Mit Mourinho verabschiedete sich auch der ganz große Fußball aus Porto (der Europa-League-Sieg von 2011 ist, bei allem Respekt, international nur zweitklassig). Die Verteidiger Paulo Ferreira und Ricardo Carvalho nahm er gleich mit nach Chelsea, der begnadete Offensivstratege Deco zog weiter zum FC Barcelona. Als der Sommer vorbei war, hatte der FC Porto seine halbe Mannschaft verloren. Das Unternehmen Titelverteidigung scheiterte schon im Achtelfinale, als sich bereits der dritte Trainer vergeblich am Erbe des José Mourinho versuchte. Seitdem entdecken Portos Scouts zwar mit schöner Regelmäßigkeit in Südamerika großartige Spieler wie den Kolumbianer Falcao oder den Brasilianer Diego.

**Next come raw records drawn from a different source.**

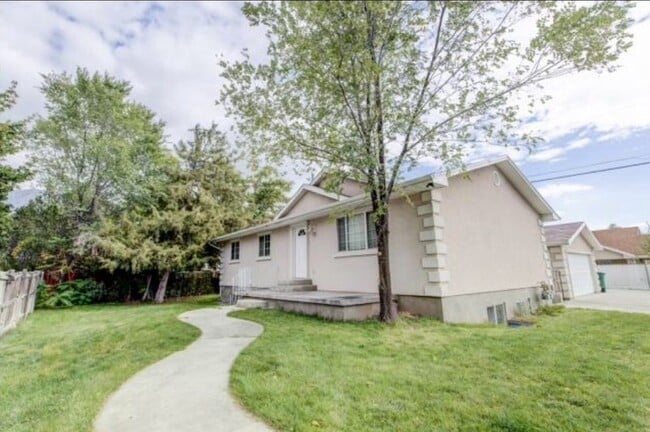 Building Photo - 312 E 400 N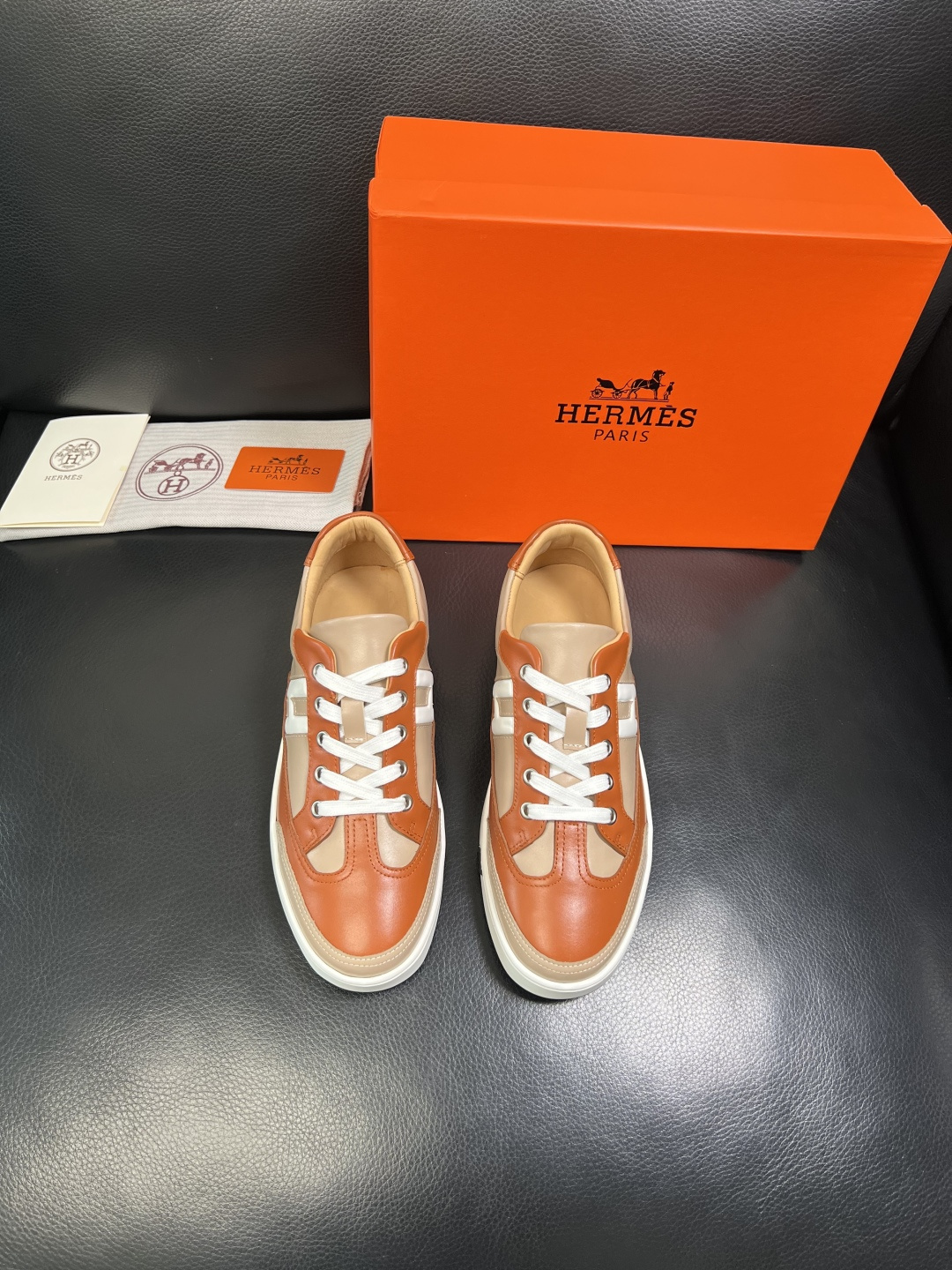 Hermes 高品质 顶级工艺品 爱马仕 专柜同步发售原厂配置，意大利进口原版牛皮面料，高品质拼接工艺，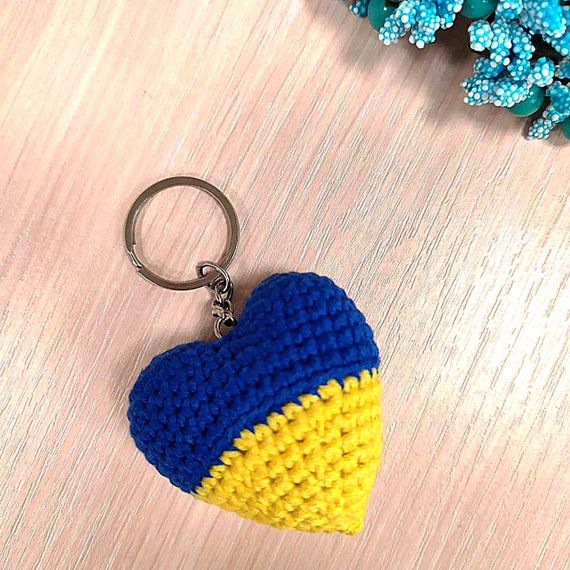 Брелок вязаный сердце Украины в цветах флага 6х6 см ручная работа, Амигуруми | Зображення 2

Aber die werden genauso regelmäßig wieder verkauft, weil der Klub sonst an seiner Schuldenlast zerbrechen würde.

Eine Umarmung als Trost

Iker Casillas wird wohl bleiben. Sein Vertrag läuft im Sommer aus, aber der Klub will die im Vertrag fixierte Option auf eine weitere Saison in Anspruch nehmen. Dazu hat Casillas oft genug angekündigt, er wolle auch mit 40 noch im Tor stehen. Sein erstes Jahr in Porto war schwierig, aber im zweiten spielt er wieder auf hohem Niveau. Am Sonntag schaffte Casillas beim 4:0-Sieg in Arouca sein 16. Saisonspiel ohne Gegentor – was die Statistik betrifft, ist er der erfolgreichste Torhüter Europas (in einer allerdings vergleichsweise schwachen Liga). In der Meisterschaft liefert sich Porto ein totes Rennen mit Benfica, nur in der Champions League dürfte mal wieder im Achtelfinale Schluss sein. Zum Trost bleibt Iker Casillas beim Rückspiel heute Abend in Turin nur die Umarmung mit dem alten Freund Gigi Buffon.